■ Exercise ■
What is needed is an exact copy of the lines from the start of the records below through the line with "Satışa hazır uyuşturucular", without the pictures.

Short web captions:

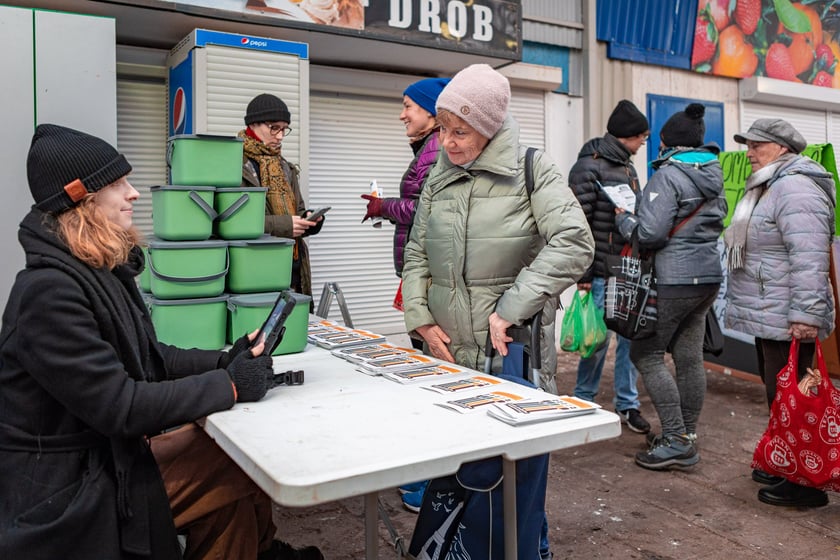 Przy stoisku z pojemnikami na bioodpady na targowisku Komandor (7 grudnia 2024 r.)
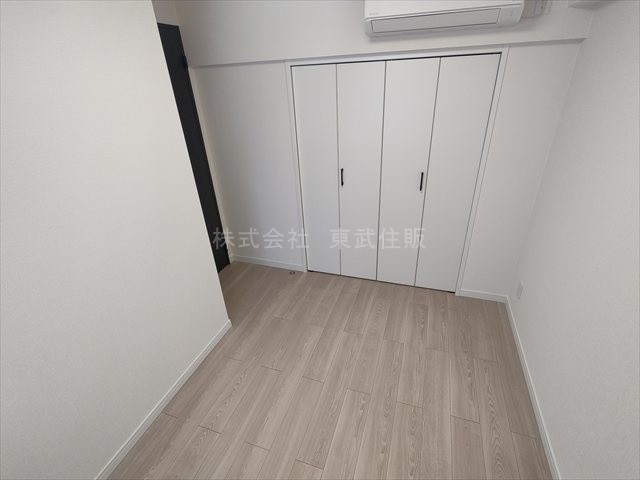 【洋室】 | ストークマンション川越 | 洋室4.0帖、個人の部屋や寝室として使える洋室です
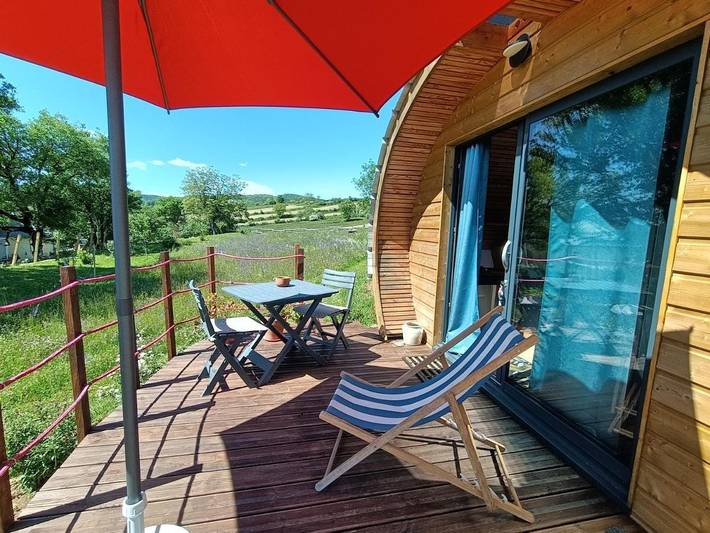 Tente pour 2 personnes, avec Terrasse ainsi que Jardin et Vue dans L'Aubrac - 3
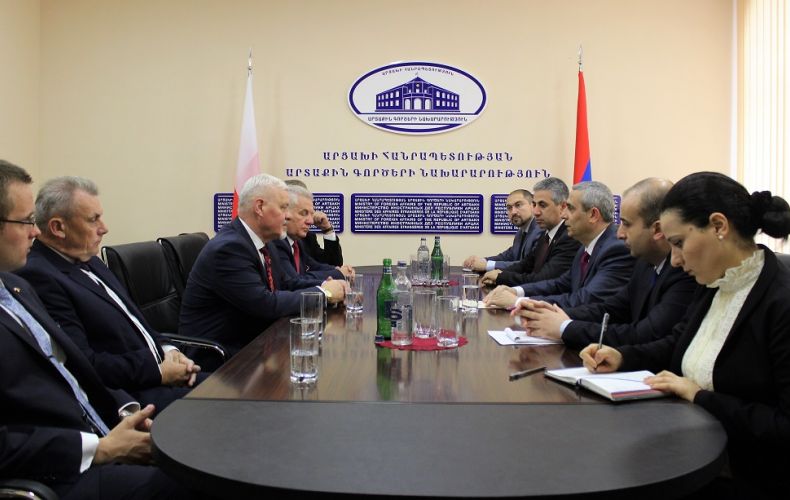 Artsakh’s FM receives delegation from Poland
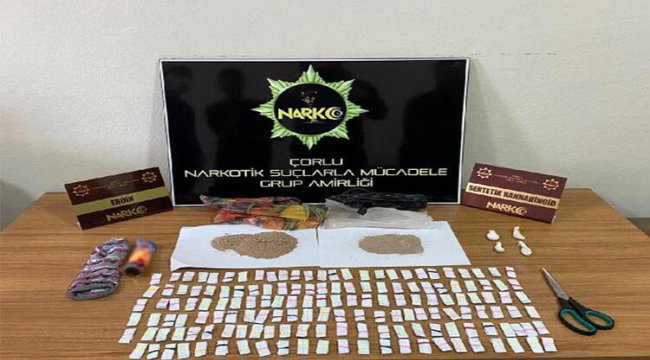 Satışa hazır uyuşturucular sobanın içinde bulundu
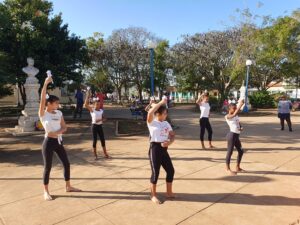 Pioneras del territorio demostraron su talento danzario frente al busto martiano.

■ Response ■
 Przy stoisku z pojemnikami na bioodpady na targowisku Komandor (7 grudnia 2024 r.)
 【洋室】 | ストークマンション川越 | 洋室4.0帖、個人の部屋や寝室として使える洋室です
 Tente pour 2 personnes, avec Terrasse ainsi que Jardin et Vue dans L'Aubrac - 3
 Artsakh’s FM receives delegation from Poland
 Satışa hazır uyuşturucular sobanın içinde bulundu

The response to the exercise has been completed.